# Framework

In [2]:
debug = True

## Grabbing the "framework" branch from GitHub and use the "hermes" folder as a library

Step 1: Install necessary libraries.

In [1]:
import importlib
import pip

def _install(package):
    pip.main(['install', package])

def _import(package):
    importlib.import_module(package)
    
def install_and_import(package):
    try:
        _import(package)
    except ImportError:
        _install(package)

In [2]:
install_and_import("GitPython")
install_and_import("click")

Collecting GitPython
  Downloading GitPython-1.0.1.tar.gz (355kB)
Collecting gitdb>=0.6.4 (from GitPython)
  Downloading gitdb-0.6.4.tar.gz (400kB)
Collecting smmap>=0.8.5 (from gitdb>=0.6.4->GitPython)
  Downloading smmap-0.9.0.tar.gz
Building wheels for collected packages: GitPython, gitdb, smmap
  Running setup.py bdist_wheel for GitPython
  Stored in directory: /Users/tiffanyj/Library/Caches/pip/wheels/23/f4/31/1d0570ae6ecccca26eafb087788483f614cd740281fd842660
  Running setup.py bdist_wheel for gitdb
  Stored in directory: /Users/tiffanyj/Library/Caches/pip/wheels/63/1b/54/87cf226ccefad0e5fdc78e3c8c65180ac77ed2a04d1dec3a56
  Running setup.py bdist_wheel for smmap
  Stored in directory: /Users/tiffanyj/Library/Caches/pip/wheels/47/75/63/333cdcb6d3e6e8eb1ec6869564b84f7f1e6a875d87541a0ae9
Successfully built GitPython gitdb smmap
Installing collected packages: smmap, gitdb, GitPython
Successfully installed GitPython-1.0.1 gitdb-0.6.4 smmap-0.9.0


You are using pip version 7.1.2, however version 8.0.2 is available.
You should consider upgrading via the 'pip install --upgrade pip' command.


Collecting click
  Downloading click-6.2-py2.py3-none-any.whl (70kB)
Installing collected packages: click
Successfully installed click-6.2


You are using pip version 7.1.2, however version 8.0.2 is available.
You should consider upgrading via the 'pip install --upgrade pip' command.
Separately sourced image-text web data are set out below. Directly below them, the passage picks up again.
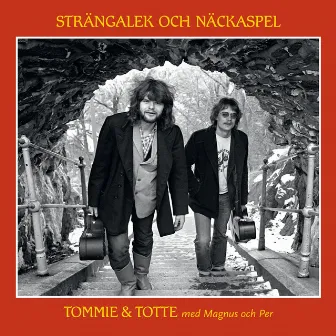 Strängalek Och Näckaspel by Tommie Andersson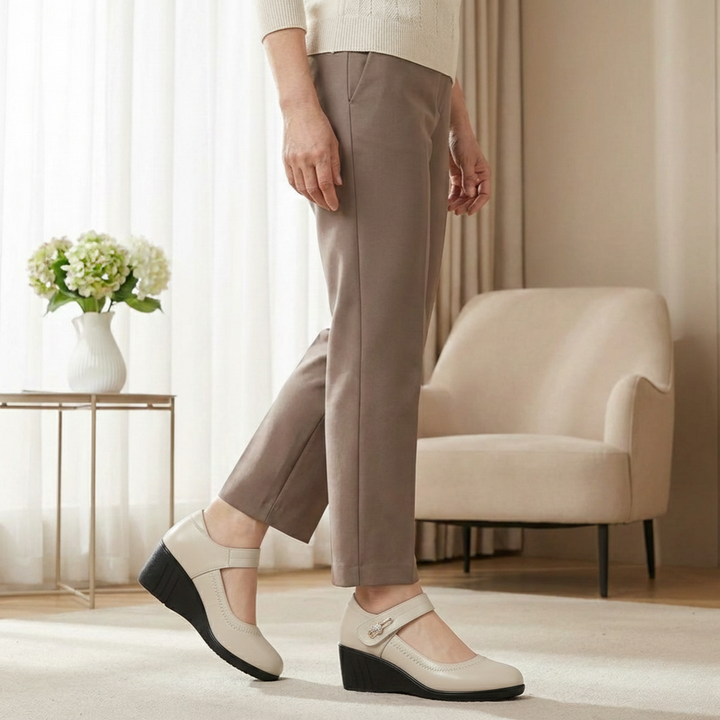 Chaussures Classiques à Talon Mi-longue pour femme, vue 7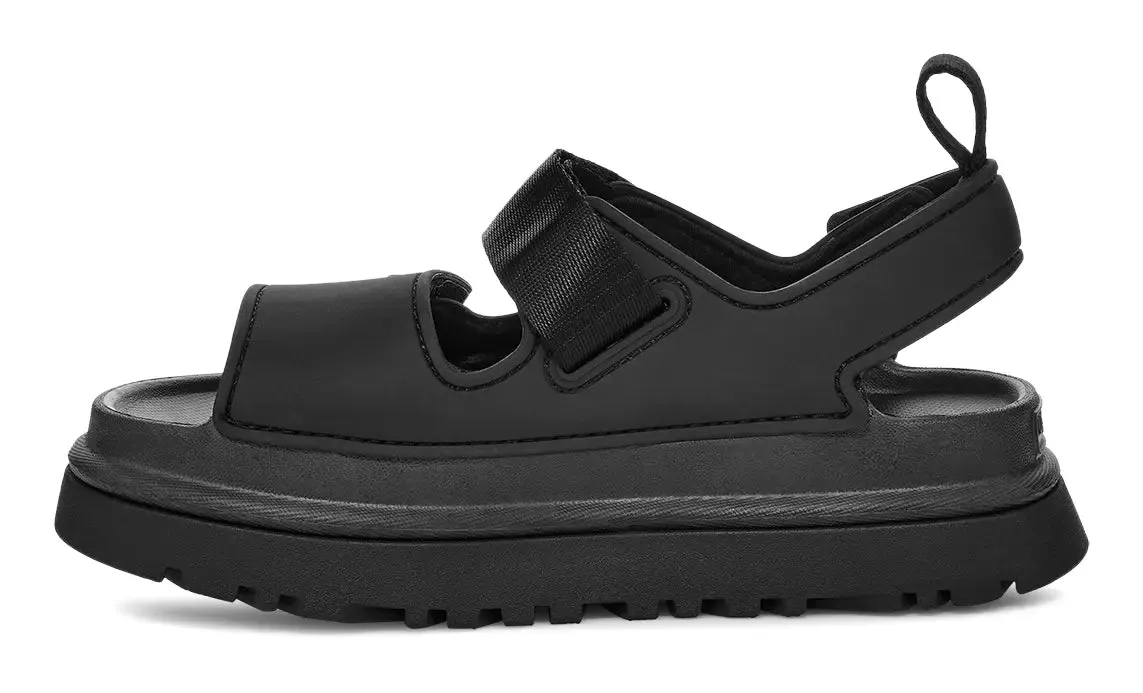 UGG Kids' Goldenglow Sandal – Lightweight, Water-Friendly Comfort
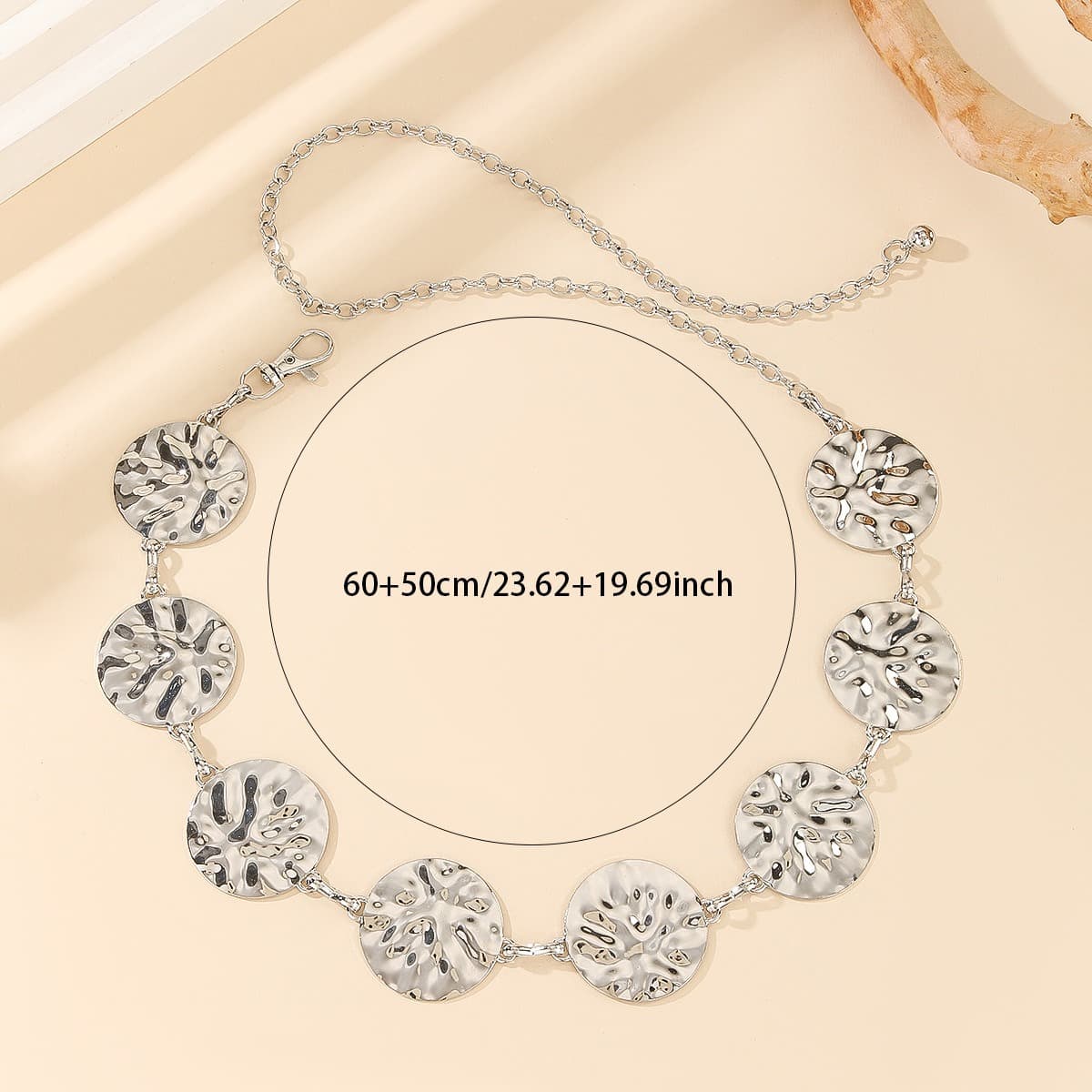(Cross-border trading), accessory, coins, retro ethnic fashionable chain, boho style, ethnic style 4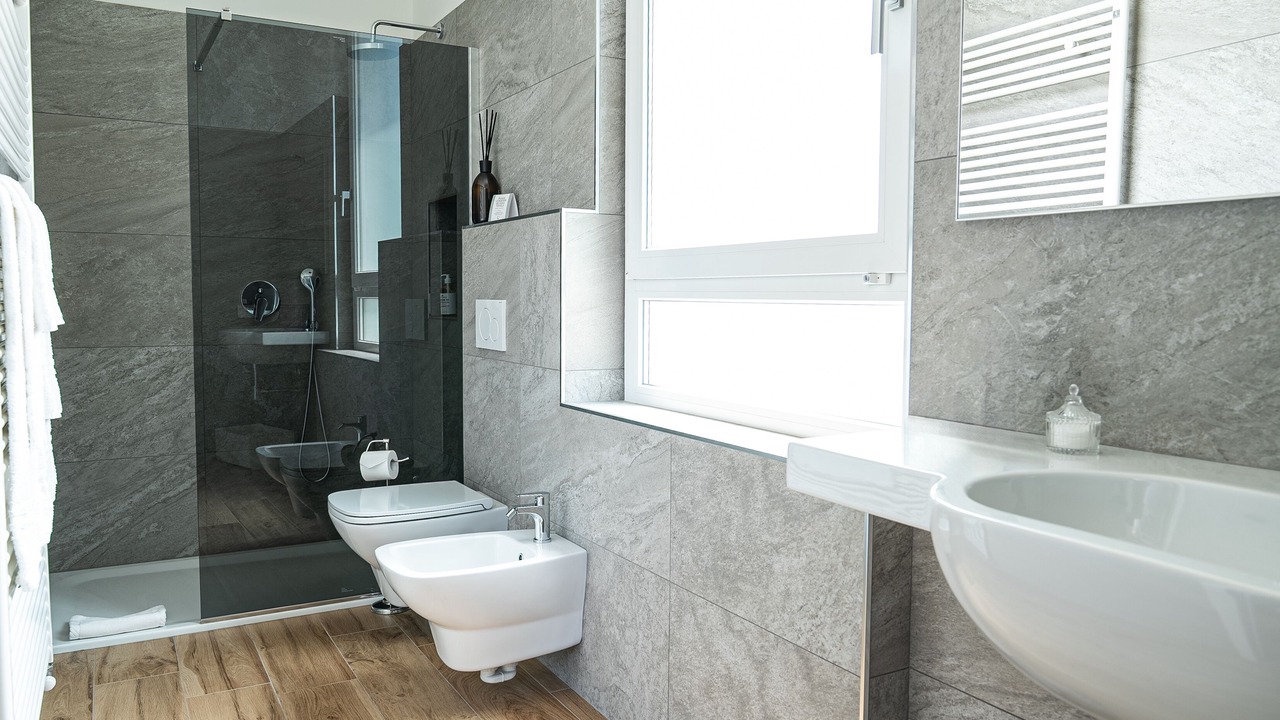 Photo of Bathroom in Monza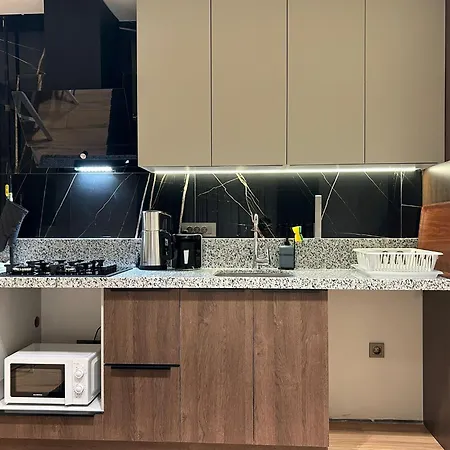 Grand Diker Port * Antalya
Step 2: Create a temporary directory.

Step 3: Git clone the "framework" branch from GitHub to the temporary directory.

Step 4: Zip the hermes source files.

Step 5: Add zip to SparkContext.

Step 6: Remove temporary directory once it is no longer needed.

In [3]:
remote_url = "https://github.com/tiffanyj41/hermes.git"
remote_branch = "framework"
source_dir = "hermes"

In [7]:
# helper functions
import os
import functools

def _list_all_in_dir(dir_path):
    for path, subdirs, files in os.walk(dir_path):
        for filename in files:
            print os.path.join(path, filename)
            
def _zip_dir(srcdir_path, zipfile_handler):
    try:
        zipfile_handler.writepy(srcdir_path)
    finally:
        zipfile_handler.close()
            
def trackcalls(func):
    @functools.wraps(func)
    def wrapper(*args, **kwargs):
        wrapper.has_been_called = True
        return func(*args, **kwargs)
    wrapper.has_been_called = False
    return wrapper

@trackcalls
def _add_zipfile_to_sc(zipfile_path):
    sc.addPyFile(zipfile_path) 

In [8]:
import git
import os
import tempfile
import shutil
import zipfile    

# create a temporary directory
tmpdir_path = tempfile.mkdtemp()
if debug: print "temporary directory: %s\n" % tmpdir_path

# ensure file is read/write by creator only
saved_umask = os.umask(0077)

# create a zipfile handler to zip the necessary files
ziptmpdir_path = tempfile.mkdtemp()
if debug: print "temporary directory for zip file: %s\n" % ziptmpdir_path
zipfile_path = ziptmpdir_path + "/hermes_src.zip"
if debug: print "zip file's path: %s\n" % zipfile_path
zipfile_handler = zipfile.PyZipFile(zipfile_path, "w")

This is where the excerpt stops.